À première vue, les nouvelles semblent excellentes pour l’énergie PV. Le prix des panneaux solaires a baissé de 75 % depuis 2008 et le coût de revient de l’électricité qu’ils produisent devrait arriver à parité avec celle de l’énergie du réseau électrique européen vers 2017. Ceci a généré de l’investissement et la moitié du PV actuellement en production a été installé en 2012-2013 – bien que ceci représente moins de 1 % de toute l’électricité produite dans le monde.
Par ailleurs, les panneaux PV eux-mêmes sont plus efficacement manufacturés qu’avant. Selon les dernières analyses de cycle de vie, qui évaluent l’impact environnemental du produit de sa fabrication à sa mise au rebut, les émissions nettes d’équivalent CO2 ne sont plus que de 30 grammes par kWh d’électricité produite, contre 40 à 50 grammes il y a 10 ans. Selon ces chiffres, le PV serait donc 15 fois moins intensif en carbone qu’une centrale au gaz (450 g/kWh).

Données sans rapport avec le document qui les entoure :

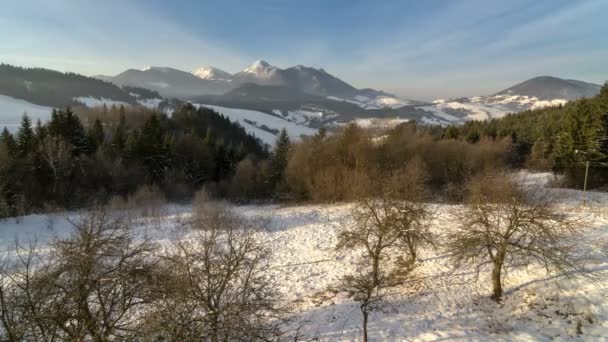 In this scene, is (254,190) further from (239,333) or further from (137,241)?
(239,333)

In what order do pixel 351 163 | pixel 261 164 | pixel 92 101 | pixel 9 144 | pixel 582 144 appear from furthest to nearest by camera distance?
pixel 92 101 < pixel 261 164 < pixel 351 163 < pixel 9 144 < pixel 582 144

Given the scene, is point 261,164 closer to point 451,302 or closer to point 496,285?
point 451,302

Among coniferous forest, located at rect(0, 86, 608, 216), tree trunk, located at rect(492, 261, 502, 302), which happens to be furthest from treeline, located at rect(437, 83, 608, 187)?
tree trunk, located at rect(492, 261, 502, 302)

Le vrai coût du PV chinois
Mais attention. Bien qu’on attribue souvent la baisse de prix du PV aux économies d’échelle ou à une fabrication plus efficace, on note que les prix ont commencé à baisser vers 2009, quand la production a été délocalisée en Asie. Il y a dix ans, presque toute la production de PV reposait sur l’Europe, le Japon et les États-Unis. Mais en 2013, 87 % de la production mondiale se faisait en Asie, dont 67 % en Chine. La baisse des prix s’explique donc surtout par la faiblesse des salaires en Asie.

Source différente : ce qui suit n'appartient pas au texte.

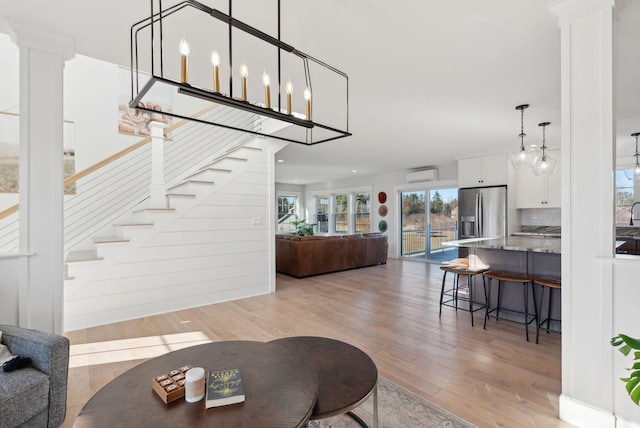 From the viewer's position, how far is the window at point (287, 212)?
434 inches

Or, le réseau électrique chinois est deux fois plus intensif en carbone et procure 50 % moins d’efficacité énergétique que les réseaux électriques occidentaux. Comme 95 % de l’énergie utilisée pour produire les panneaux est électrique, cela signifie que le PV chinois est plus intensif en énergie et que le temps de remboursement de sa dette environnementale est plus long.
Là où cela devient intéressant, c’est que presque toutes les analyses de cycle de vie du PV datent d’avant cette migration de la production vers l’Asie. Il en résulte donc qu’elles sont toutes obsolètes et trop optimistes sur l’efficacité du solaire photovoltaïque, dont les émissions oscillent désormais autour de… 70 g/kWh. Et encore, cela ne tient pas compte de la faible qualité du PV chinois, qui ne durera peut-être pas les 25 ou 30 ans promis.
La géographie compte!
L’étude constate également qu’en général, les études de cycle de vie reposent sur l’hypothèse d’un ensoleillement de 1 700 kilowatts-heures par mètre carré par année (kWh/m2/année), ce qui correspond à la situation dans le sud de l’Europe ou le sud-ouest des États-Unis.

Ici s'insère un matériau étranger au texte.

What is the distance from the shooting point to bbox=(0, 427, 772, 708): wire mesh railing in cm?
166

Est-ce une hypothèse réaliste? On peut en douter. En 2014, l’Allemagne possédait plus de PV que toute l’Europe du Sud réunie et deux fois plus que tous les États-Unis. Or, son ensoleillement n’est que de 900 kWh/m2/année, ce qui fait bondir les émissions sur le cycle de vie à 120 g/kWh. C’est encore moins que les 450 g/kWh d’une centrale à gaz, mais c’est une empreinte carbone que l’on ne peut plus qualifier de négligeable.
Pour ceux que cela intéresse, l’ensoleillement au Québec varie d’environ 1000 à 1300 kWh/m2/année, selon le lieu. Mieux que l’Allemagne, mais beaucoup loin bon que l’Espagne.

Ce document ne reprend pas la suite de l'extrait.